The fence was too high for him to have climbed over and the gate was securely locked. The RE teacher, who was on playground duty at the time, asked the boy how it was he had got there. The boy said that he had absolutely no idea. One moment he was leaning against the fence in the playground with his friends and the next he was on the other side. The RE teacher examined the fence but found nothing untoward.
So the RE teacher, being a trusting soul, took the boy to see the Physics teacher and had him repeat his unlikely story.
'It sounds,' the Physics teacher said after a little thought, 'rather like quantum tunnelling, when a particle tunnels through a barrier that it classically couldn't surmount thanks to Heisenberg's uncertainty principle and probability density. Normally of course that sort of thing would only happen to subatomic particles.'
'Well he is quite short' pointed out the English teacher who was passing by and who, like most English teachers, knew very little about science.

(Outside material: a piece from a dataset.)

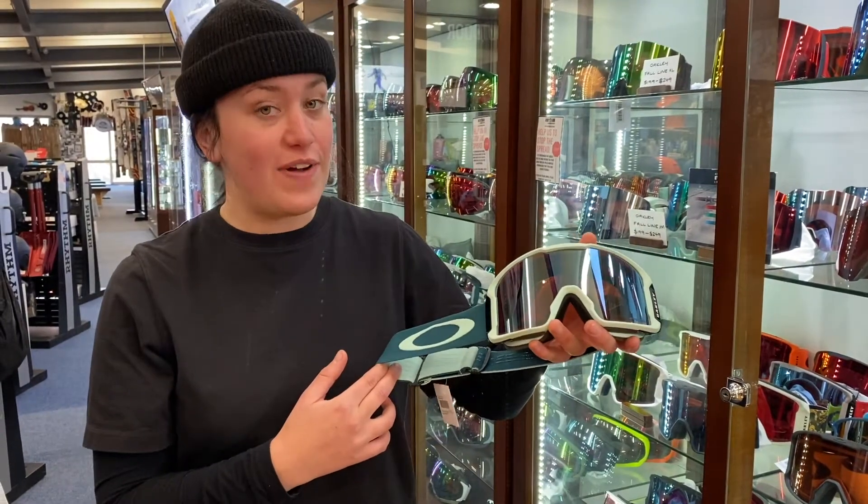If you've got a big head, you go for the regular size. If you feel like you've got a bit of a smaller face, you can go for the Line Miner XM. And if you're a kid, they make one for you as well — it's called the Line Miner Junior or kids.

'Anyway,' went on the Physics teacher, 'the chances of such an event occurring must be, well, at least 200 million billion to one.'
The RE teacher (whose mind contained a host of equally implausible explanations) decided to make nothing of it and the boy, who had simply arrived late to school and had made up the whole story in an attempt to avoid a detention, was free to go.
Posted by Bo Fowler at 13:19
Sunday, 9 June 2013
My bicycle's gears are so ingeniously arranged that when I peddle backwards I in fact move forward. This has the comforting psychological effect that no matter where I am actually headed I always feel I am slowly but surely making my way back to where I started from.